While .tar.zstd archives aren't as popular as .tar.xz or .tar.gz, Zstandard is already a very popular tool for compression in the world of open-source software. It has been integrated into both the FreeBSD kernel & the Linux kernel and is available as a filesystem compression method for the btrfs, squashfs, bcachefs, & OpenZFS filesystems. Filesystem compression refers to a compression scheme that transparently compresses files stored on a filesystem at all times, leading to an overall reduction in storage used across the filesystem.

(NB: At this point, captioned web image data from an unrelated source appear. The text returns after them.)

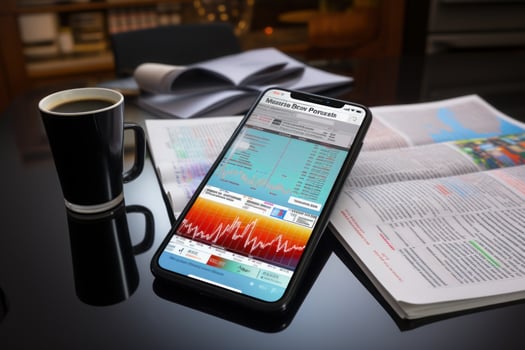 Smartphone is placed flat on the table with news words on it, and a financial chart. Generative AI photo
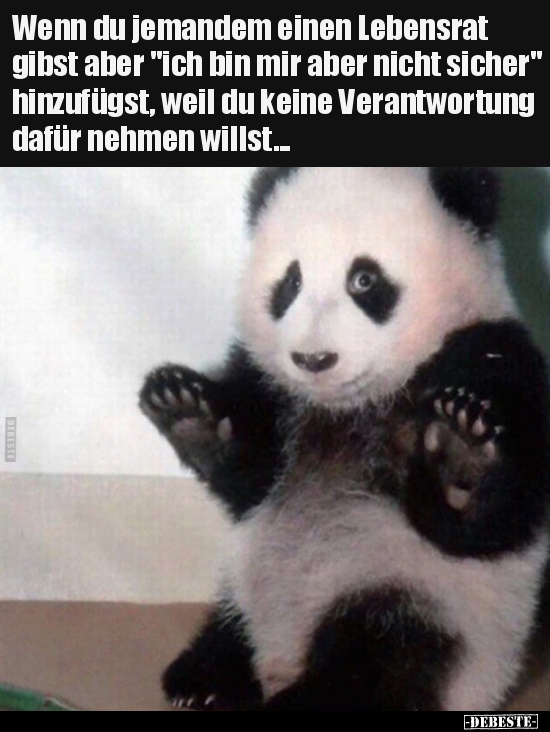 Wenn du jemandem einen Lebensrat gibst aber "ich bin mir.."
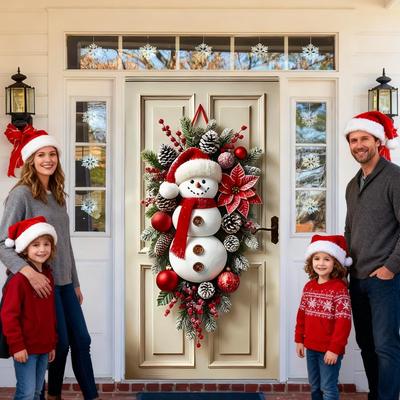 Christmas Wreath Christmas Winter Home Decoration Wreath Snowman Cute Home Decor for Front Door Window Wall Navidad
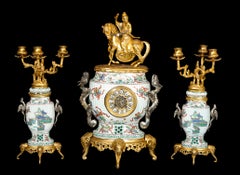 Antique French Chinoiserie Ormolu and Porcelain garniture Set in St of E. Liever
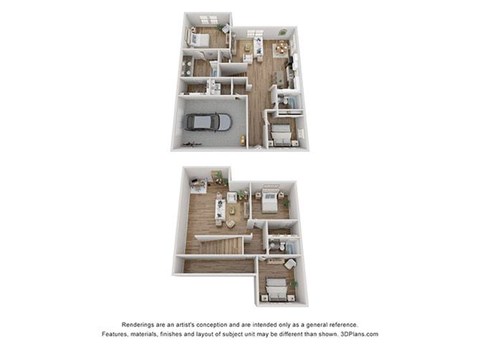Floor plan for 4 beds, 3 baths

The command line zstd utility can compress to Zstandard at compression levels 1 through 19 by default. The upper bound is raised to 22 when passing the --ultra flag. All Arch Linux packages are compressed at zstd level 20, allowing Arch packages to be decompressed 14 times faster compared to XZ at the cost of an average 0.8% filesize increase across all packages. It is popular in the game emulation scene as well, as many game file formats for emulating console games support zstd compression. The ZIP file format standard actually supports Zstandard in compression level 93 since version 6.3.8, published in 2020. Content encoding using zstd is supported in chromium since Chromium 118 behind an experimental flag, meaning it might compete with Brotli on the web in the future. Apple's LZFSE algorithm is purportedly similar to Zstandard compression level 6.

Zstandard has the potential to effectively compete with nearly every modern compression method available across most modern use cases. In certain scenarios, if it takes off as a content delivery format, it could replace Brotli if the benefits of super-fast & super-light decode improve the responsiveness of web pages & are worth sacrificing a bit of compression ratio. When using the much higher effort settings, it often outcompetes Brotli for the archive size as well. In the future, .tar.zst could replace 7-zip, ZIP, or other archiving formats, making speedy decode a reality on systems featuring varying levels of compute horsepower.



This guide has been written for the zstd command-line utility, however GUI archivers such as peazip and 7zip have growing support for zstd.

Compress a file​

Like many other compressing utilities, in order to compress mutliple files, one should probably archive them with tar.

zstd -# {file} -o {file}.zstd

-# is actually a number that represents the desired compression level, for example -3, -6. By default you can specify 1-19. By also passing -ultra, you can go up to compression level 22.